Hinged or clam-shell type phones have developed a system where the position of the hinge directs whether the phone operates in private mode or the speakerphone mode. However, this system would not work on a one-piece phone, or other non-hinged phones such as a wristphone.
Other limitations of prior art wristphones are the upper limits placed on the achievable acoustical quality and loudness. As portable communication devices such as wristphones become smaller and thinner, space necessary for acoustical baffling, resonance, and isolation between the front and the back sides of the speaker diminishes. In addition, the speakers themselves get smaller. Voice quality is thus degraded. And although the speaker performance may be adequate for privacy mode conversation, speaker performance is not adequate for speaker phone operation.

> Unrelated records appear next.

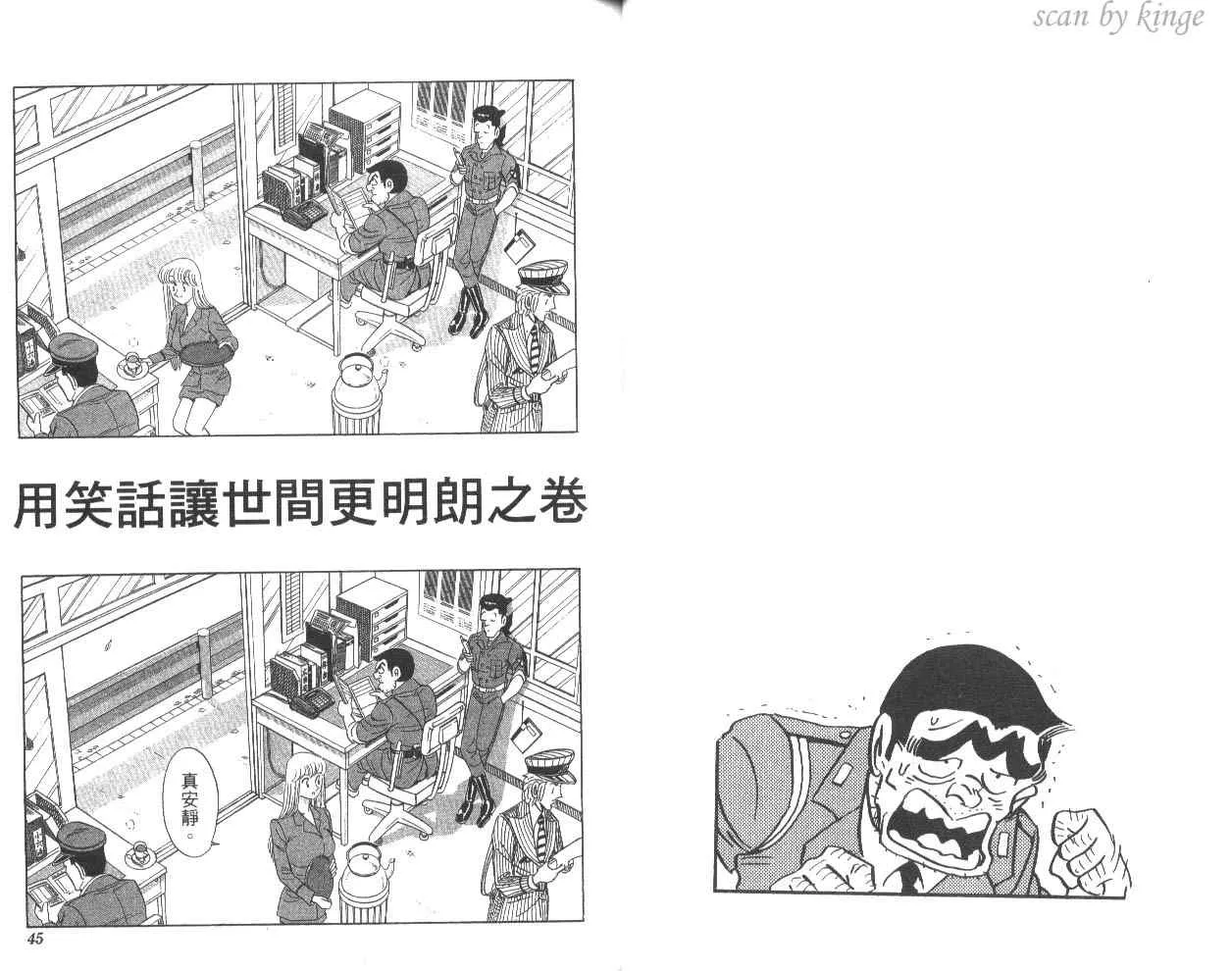 第80卷 第25页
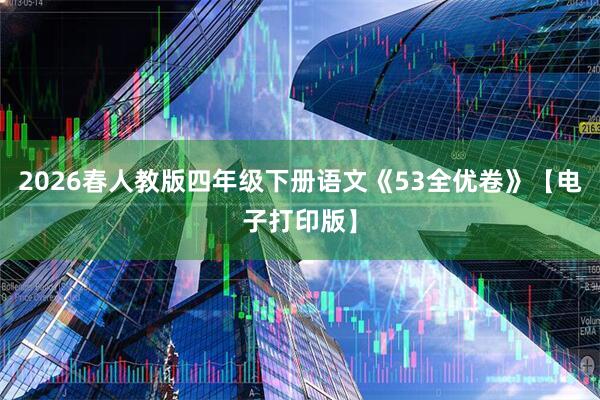 2026春人教版四年级下册语文《53全优卷》【电子打印版】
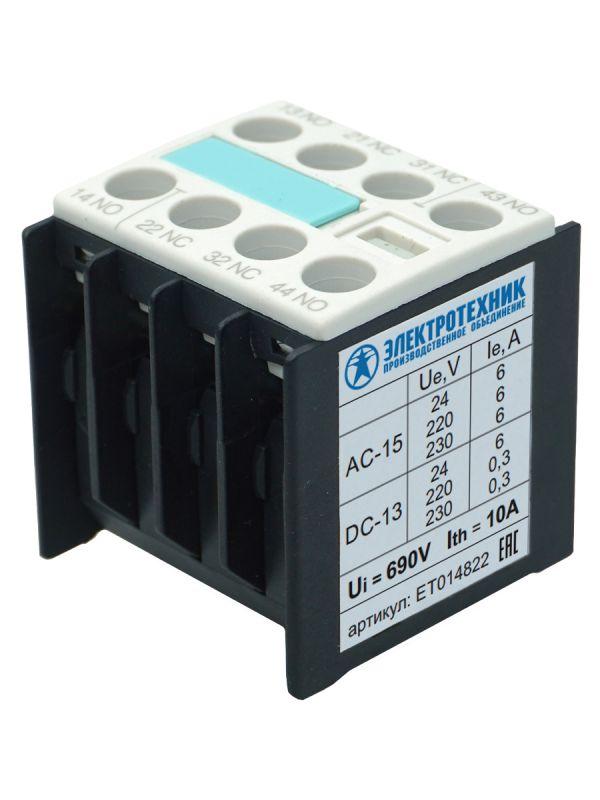  Блок-контакт 3RH1911-1FA40 4п 4НО IP20 для контакторов типоразмера S00 фронтальный винтовые клеммы Электротехник ET014822 фото в каталоге от BTSprom.by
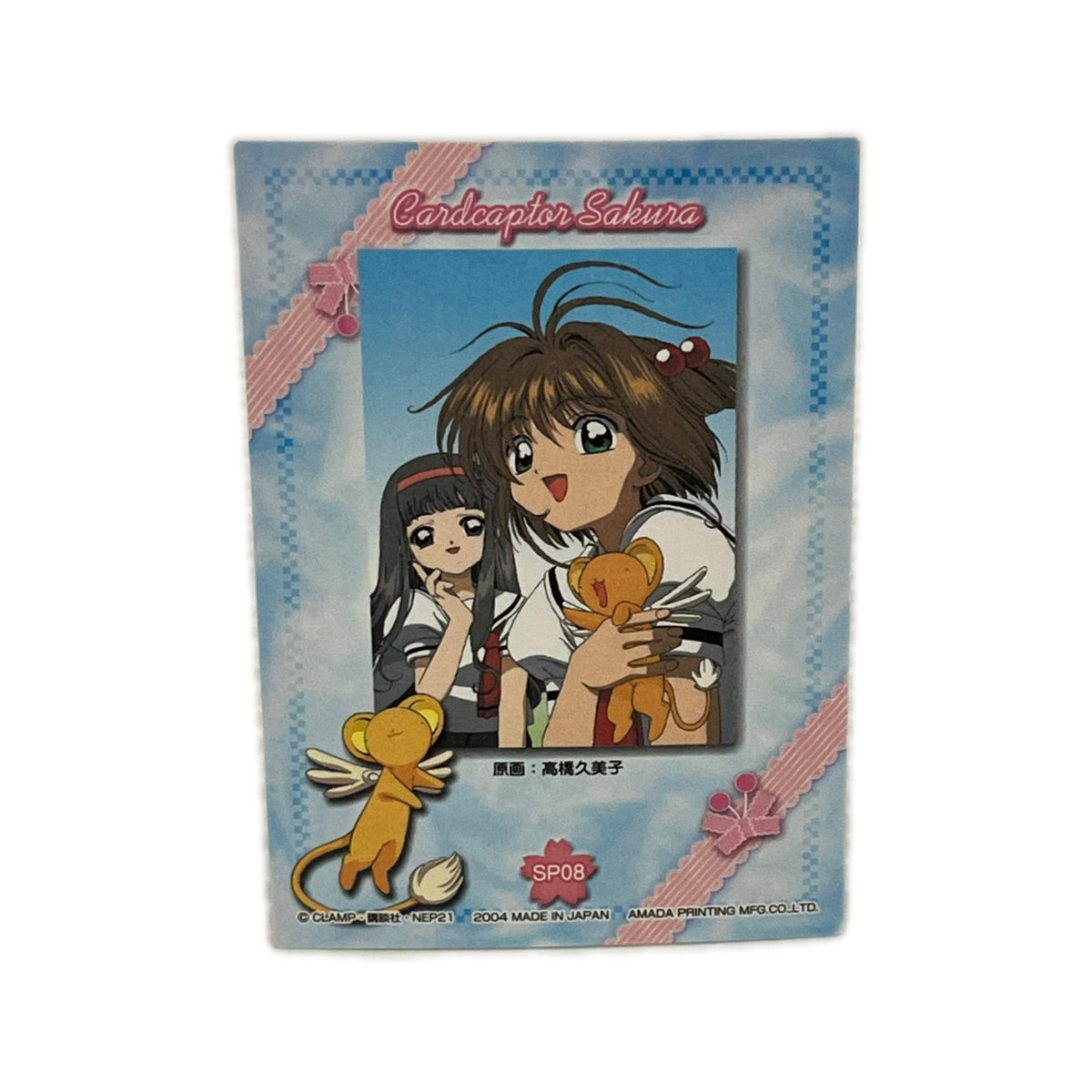 CCさくら SP08 トレーディングコレクション CCさくら　SP08 トレーディングコレクション フィギュア/グッズ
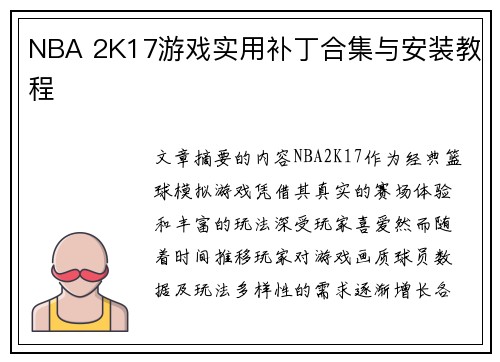 NBA 2K17游戏实用补丁合集与安装教程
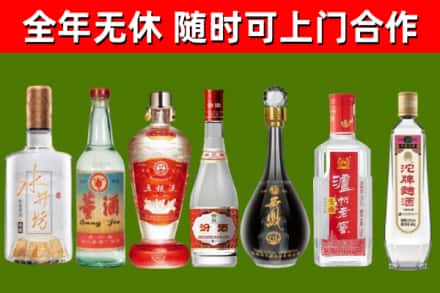 思茅市回收老酒价格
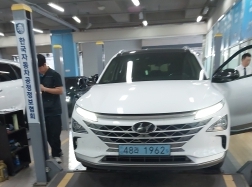Hyundai Nexo 2023 — inspection photo 1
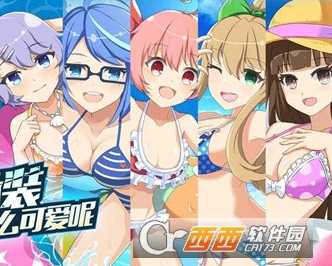 战姬少女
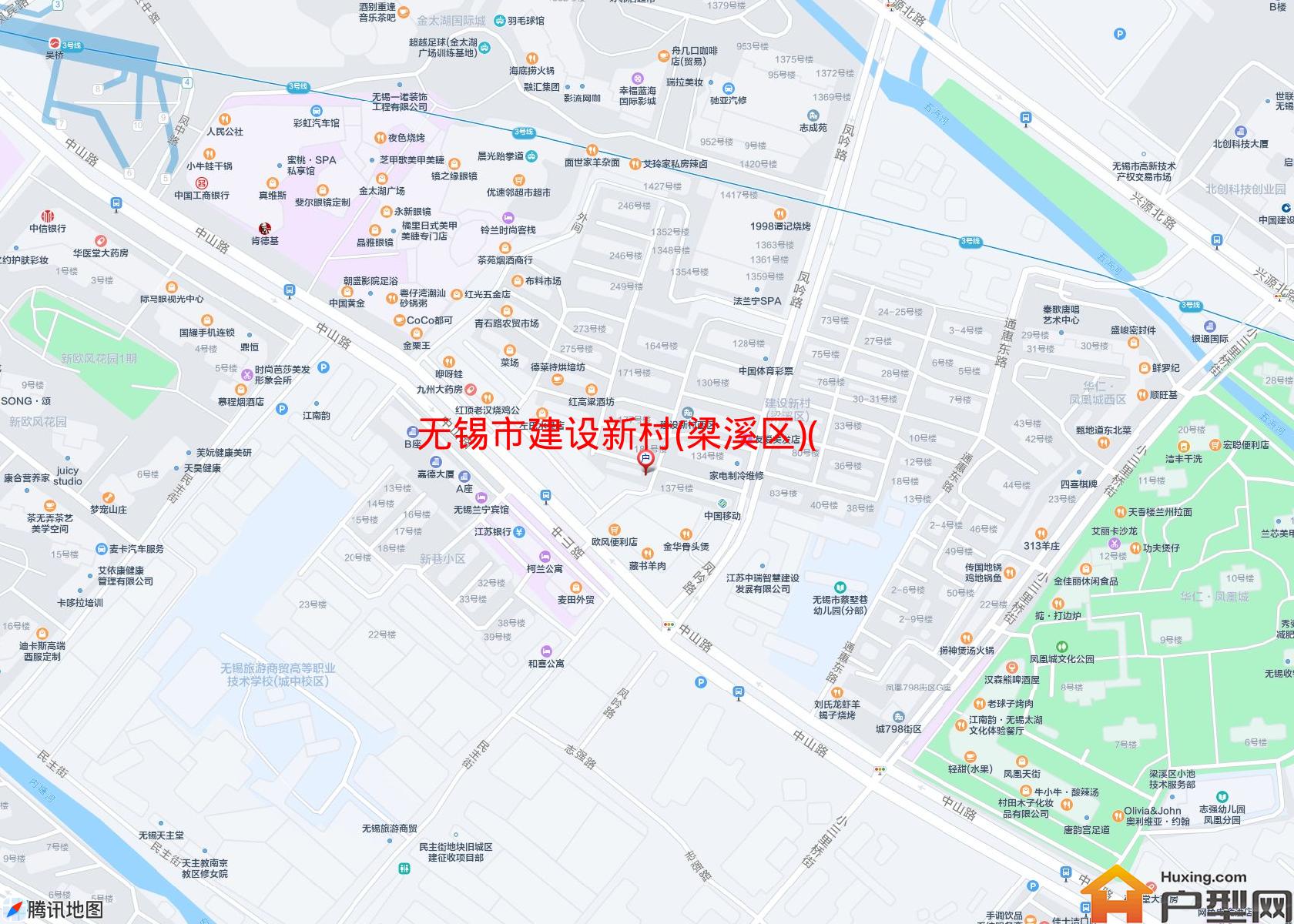 建设新村(梁溪区)(西区)小区 - 户型网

Accordingly, there is a need for a portable communication device with a speaker enclosure that provides improved speakerphone performance as well as privacy mode performance. In addition, there is a need for a speaker enclosure that can be used to select between privacy and speakerphone operation. There is a further need for improved acoustics for better sound quality during speakerphone mode. In addition, there is a need for portable communication device that is configured as a wristphone with a speaker enclosure that provides a speakerphone mode.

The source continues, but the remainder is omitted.